A series of fixes to simplify and improve the GUP interface with an eye to
providing groundwork to future improvements:-
* __access_remote_vm() and access_remote_vm() are functionally identical,
so make the former static such that in future we can potentially change
the external-facing implementation details of this function.
* Extend is_valid_gup_args() to cover the missing FOLL_TOUCH case, and
simplify things by defining INTERNAL_GUP_FLAGS to check against.

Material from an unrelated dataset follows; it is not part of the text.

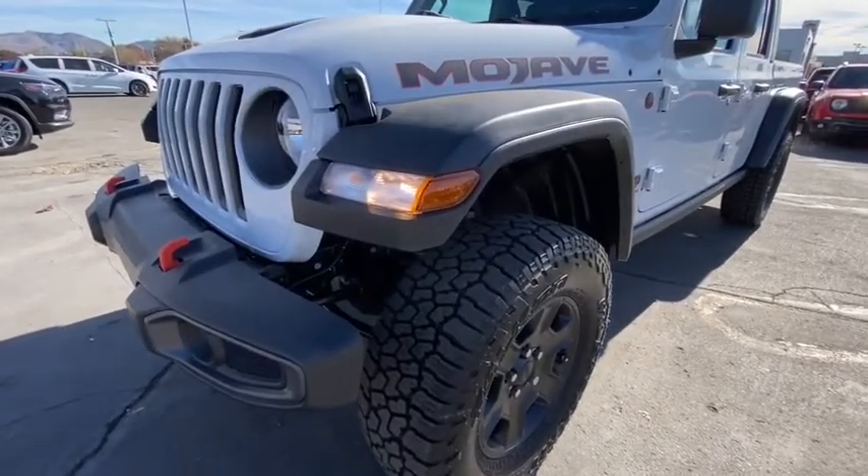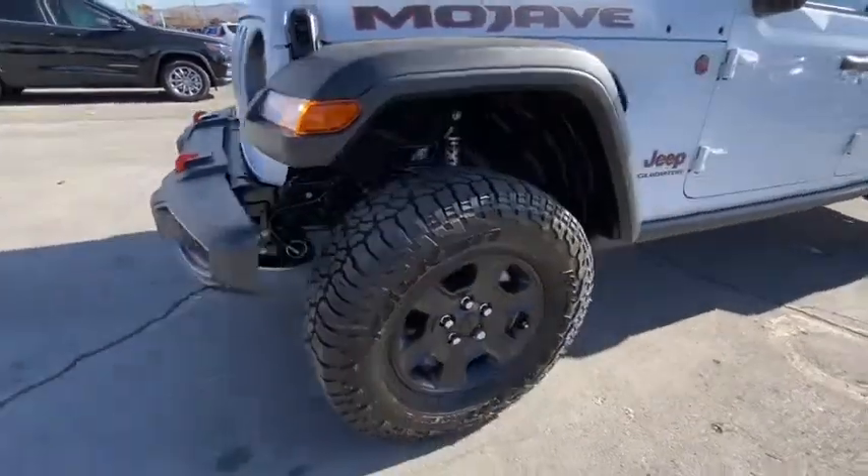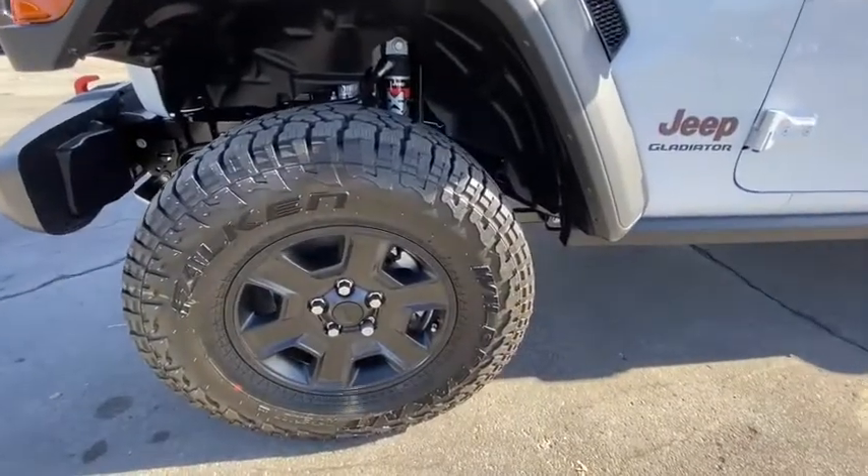This vehicle offers reliability and good looks at a great price. So come in and take a test drive today.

* Adjust __get_user_pages_locked() to explicitly treat a failure to pin any
pages as an error in all circumstances other than FOLL_NOWAIT being
specified, bringing it in line with the nommu implementation of this
function.
* (With many thanks to Arnd who suggested this in the first instance)

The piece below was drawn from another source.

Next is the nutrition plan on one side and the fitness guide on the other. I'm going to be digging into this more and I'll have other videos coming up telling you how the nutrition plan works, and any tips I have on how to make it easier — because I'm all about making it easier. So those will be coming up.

Update get_user_page_vma_remote() to explicitly only return a page or an
error, simplifying the interface and avoiding the questionable
IS_ERR_OR_NULL() pattern.
Lorenzo Stoakes (4):
mm: make __access_remote_vm() static
mm/gup: explicitly define and check internal GUP flags, disallow
FOLL_TOUCH
mm/gup: make failure to pin an error if FOLL_NOWAIT not specified
mm/gup: adapt get_user_page_vma_remote() to never return NULL
arch/arm64/kernel/mte.c | 4 ++--
include/linux/mm.h | 18 +++++++++++++-----
kernel/events/uprobes.c | 4 ++--
kernel/ptrace.c | 2 +-
mm/gup.c | 16 +++++++++++++---
mm/internal.h | 3 +++
mm/memory.c | 7 +++----
mm/nommu.c | 4 ++--
8 files changed, 39 insertions(+), 19 deletions(-)
--
2.42.0
access_remote_vm() passes through parameters to __access_remote_vm()
directly, so remove the __access_remote_vm() function from mm.h aand use
access_remote_vm() in the one caller that needs it (ptrace_access_vm()).
This allows future adjustments to the GUP-internal __access_remote_vm()
function while keeping the access_remote_vm() function stable.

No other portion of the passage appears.